Acetic acid concentrations in wine greater than 1.3 grams per liter can be unpleasant. Federal regulations allow for a maximum 1.4 grams per liter for red wine and 1.2 grams per liter for white wine (in France the maximum is lower and in Germany it’s higher than in the U.S.).
Most people with experience would say that VA smells like vinegar and they’d be correct: acetic acid is the definition of vinegar. Does vinegar smell like paint?
High concentrations of ethyl acetate in wine smells not so much like paint but like varnish. If we assume that when the poster smelled the wine, paint or paint thinner came to mind, it’s reasonable to assume that what he smelled was ethyl acetate.

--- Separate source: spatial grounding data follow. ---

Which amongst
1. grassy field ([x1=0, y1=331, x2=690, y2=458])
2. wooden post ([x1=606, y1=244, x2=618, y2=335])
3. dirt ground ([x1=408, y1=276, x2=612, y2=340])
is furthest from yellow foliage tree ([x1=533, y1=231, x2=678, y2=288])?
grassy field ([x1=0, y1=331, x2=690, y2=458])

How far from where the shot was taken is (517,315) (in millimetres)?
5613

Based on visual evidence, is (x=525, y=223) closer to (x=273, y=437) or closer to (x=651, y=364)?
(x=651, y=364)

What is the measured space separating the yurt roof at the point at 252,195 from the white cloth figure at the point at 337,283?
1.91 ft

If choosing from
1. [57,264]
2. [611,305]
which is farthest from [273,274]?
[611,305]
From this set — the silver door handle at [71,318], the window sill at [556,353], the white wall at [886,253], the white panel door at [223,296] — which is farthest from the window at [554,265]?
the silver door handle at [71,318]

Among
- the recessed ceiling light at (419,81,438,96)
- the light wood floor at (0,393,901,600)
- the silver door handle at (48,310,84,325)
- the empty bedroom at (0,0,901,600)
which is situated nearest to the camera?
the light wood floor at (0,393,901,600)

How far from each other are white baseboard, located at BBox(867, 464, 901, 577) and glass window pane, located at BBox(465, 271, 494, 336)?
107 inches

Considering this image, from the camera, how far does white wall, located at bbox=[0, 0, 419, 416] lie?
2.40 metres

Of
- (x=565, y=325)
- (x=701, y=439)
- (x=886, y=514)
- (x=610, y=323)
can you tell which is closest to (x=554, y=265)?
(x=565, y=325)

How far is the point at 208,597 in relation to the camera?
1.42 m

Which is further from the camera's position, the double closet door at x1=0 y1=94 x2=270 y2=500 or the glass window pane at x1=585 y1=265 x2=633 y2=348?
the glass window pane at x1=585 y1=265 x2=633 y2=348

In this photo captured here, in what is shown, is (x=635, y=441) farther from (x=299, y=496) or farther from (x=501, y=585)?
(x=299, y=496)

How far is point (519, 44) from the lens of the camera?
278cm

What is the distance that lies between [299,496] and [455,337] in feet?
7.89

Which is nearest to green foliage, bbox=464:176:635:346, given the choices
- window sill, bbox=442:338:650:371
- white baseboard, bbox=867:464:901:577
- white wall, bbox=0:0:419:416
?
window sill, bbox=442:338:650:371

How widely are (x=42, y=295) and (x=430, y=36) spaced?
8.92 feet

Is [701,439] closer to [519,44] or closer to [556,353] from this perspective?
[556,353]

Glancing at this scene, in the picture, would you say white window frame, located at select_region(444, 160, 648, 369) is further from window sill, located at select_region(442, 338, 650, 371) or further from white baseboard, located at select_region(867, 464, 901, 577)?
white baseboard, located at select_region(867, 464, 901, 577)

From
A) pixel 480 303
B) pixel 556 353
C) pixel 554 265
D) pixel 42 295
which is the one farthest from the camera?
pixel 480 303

Ethyl acetate is formed as an ester when ethanol (wine alcohol) reacts with acetic acid. It usually takes high levels of acetic acid for e. acetate to be noticeable in the wine’s aroma, but that does not necessarily mean that the wine had reached the point of excessive volatile acidity, just high enough for the alcohol and acid to react.

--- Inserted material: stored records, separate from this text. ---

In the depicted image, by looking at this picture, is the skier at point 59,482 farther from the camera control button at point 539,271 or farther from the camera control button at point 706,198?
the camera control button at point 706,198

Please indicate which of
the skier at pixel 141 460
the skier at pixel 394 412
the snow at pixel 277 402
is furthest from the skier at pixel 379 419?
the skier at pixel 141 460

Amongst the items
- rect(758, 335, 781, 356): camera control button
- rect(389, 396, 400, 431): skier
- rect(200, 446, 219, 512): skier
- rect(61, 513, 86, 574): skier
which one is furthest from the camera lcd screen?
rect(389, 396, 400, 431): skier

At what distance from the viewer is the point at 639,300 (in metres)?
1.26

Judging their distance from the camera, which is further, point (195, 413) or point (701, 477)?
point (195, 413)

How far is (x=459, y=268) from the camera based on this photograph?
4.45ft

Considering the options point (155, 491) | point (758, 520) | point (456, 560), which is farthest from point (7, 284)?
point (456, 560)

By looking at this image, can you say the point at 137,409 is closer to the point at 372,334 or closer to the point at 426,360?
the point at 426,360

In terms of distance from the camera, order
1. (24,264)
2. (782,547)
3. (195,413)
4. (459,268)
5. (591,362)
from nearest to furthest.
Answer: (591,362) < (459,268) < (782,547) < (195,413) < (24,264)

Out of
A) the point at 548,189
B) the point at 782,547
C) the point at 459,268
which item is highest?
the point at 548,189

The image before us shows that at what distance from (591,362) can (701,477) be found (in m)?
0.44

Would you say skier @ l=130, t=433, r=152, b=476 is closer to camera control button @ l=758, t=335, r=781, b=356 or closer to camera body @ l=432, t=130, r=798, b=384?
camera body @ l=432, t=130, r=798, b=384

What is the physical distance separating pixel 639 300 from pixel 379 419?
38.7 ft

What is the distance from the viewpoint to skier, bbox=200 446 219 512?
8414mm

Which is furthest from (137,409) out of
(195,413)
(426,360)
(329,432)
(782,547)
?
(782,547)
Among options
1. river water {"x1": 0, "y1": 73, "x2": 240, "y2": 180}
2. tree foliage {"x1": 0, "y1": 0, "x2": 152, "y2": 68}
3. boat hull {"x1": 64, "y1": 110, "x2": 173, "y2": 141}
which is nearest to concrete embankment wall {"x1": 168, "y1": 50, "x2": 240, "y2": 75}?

When a home winemaker tried to point out the technical issues regarding ethyl acetate and VA he was rewarded with this post from a wine geek: “…technical correctness matters little (perhaps not at all) in winespeak. If it’s bad it’s VA. If it’s good then it’s aromatic complexity.”

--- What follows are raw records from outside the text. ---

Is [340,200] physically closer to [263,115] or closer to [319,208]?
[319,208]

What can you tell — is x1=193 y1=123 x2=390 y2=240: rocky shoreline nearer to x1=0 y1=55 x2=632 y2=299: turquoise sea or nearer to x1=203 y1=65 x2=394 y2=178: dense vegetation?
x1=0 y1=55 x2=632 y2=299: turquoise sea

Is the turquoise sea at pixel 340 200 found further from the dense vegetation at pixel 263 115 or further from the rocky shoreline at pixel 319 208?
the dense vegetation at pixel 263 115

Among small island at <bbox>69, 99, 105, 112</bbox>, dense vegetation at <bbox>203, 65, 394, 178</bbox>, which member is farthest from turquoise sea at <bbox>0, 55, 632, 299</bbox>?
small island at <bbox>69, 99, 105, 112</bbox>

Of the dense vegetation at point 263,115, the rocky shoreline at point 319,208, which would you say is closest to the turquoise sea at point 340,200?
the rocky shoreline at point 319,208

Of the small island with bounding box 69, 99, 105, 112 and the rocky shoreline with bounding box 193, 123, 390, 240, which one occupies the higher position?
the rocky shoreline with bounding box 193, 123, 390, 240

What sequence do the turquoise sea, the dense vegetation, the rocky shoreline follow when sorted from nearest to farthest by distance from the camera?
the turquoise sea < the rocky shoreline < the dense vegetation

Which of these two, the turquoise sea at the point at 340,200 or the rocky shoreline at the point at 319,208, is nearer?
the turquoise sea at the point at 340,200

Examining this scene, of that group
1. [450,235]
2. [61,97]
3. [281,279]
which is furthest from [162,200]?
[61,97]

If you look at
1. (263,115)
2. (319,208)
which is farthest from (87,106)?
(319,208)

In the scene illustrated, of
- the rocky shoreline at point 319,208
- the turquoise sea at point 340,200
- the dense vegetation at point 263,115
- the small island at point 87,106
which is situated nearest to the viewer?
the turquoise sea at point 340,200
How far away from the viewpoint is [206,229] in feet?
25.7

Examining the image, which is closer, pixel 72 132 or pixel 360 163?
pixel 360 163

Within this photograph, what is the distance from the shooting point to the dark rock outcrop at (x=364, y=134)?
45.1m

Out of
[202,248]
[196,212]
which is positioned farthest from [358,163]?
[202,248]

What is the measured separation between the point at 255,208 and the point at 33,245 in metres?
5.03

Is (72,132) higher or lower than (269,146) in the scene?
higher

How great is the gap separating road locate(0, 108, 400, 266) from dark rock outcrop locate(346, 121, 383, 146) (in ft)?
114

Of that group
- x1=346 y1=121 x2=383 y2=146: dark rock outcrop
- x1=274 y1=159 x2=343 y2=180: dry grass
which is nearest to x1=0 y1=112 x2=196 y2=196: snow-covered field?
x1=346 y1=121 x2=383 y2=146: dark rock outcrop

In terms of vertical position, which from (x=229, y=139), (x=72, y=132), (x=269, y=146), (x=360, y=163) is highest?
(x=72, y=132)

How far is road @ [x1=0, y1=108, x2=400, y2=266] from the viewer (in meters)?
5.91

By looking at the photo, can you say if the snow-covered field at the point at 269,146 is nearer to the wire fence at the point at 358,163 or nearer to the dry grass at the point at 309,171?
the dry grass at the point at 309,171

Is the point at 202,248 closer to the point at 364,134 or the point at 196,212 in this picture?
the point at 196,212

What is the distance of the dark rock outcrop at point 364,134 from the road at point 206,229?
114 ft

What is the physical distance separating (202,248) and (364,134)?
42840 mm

Seems to me that the geek who posted the above is stating that it doesn’t matter what’s really wrong with the wine, all that matters is that someone thinks it’s bad and so that someone can proclaim why it’s bad without really knowing the reason.
Now, there’s ego and there’s EGO.
In my view, those who proclaim erroneously to an unknowing audience can do damage, especially if they manage to sound commanding or if they hold a position of seeming authority. Whenever he was confronted with egotistical verbal gymnastics from people like that, my drill sergeant uncle used to say, “If you can’t back it up, shut up.”
And to think that I thought that my uncle was being unkind when he was only being perspicacious.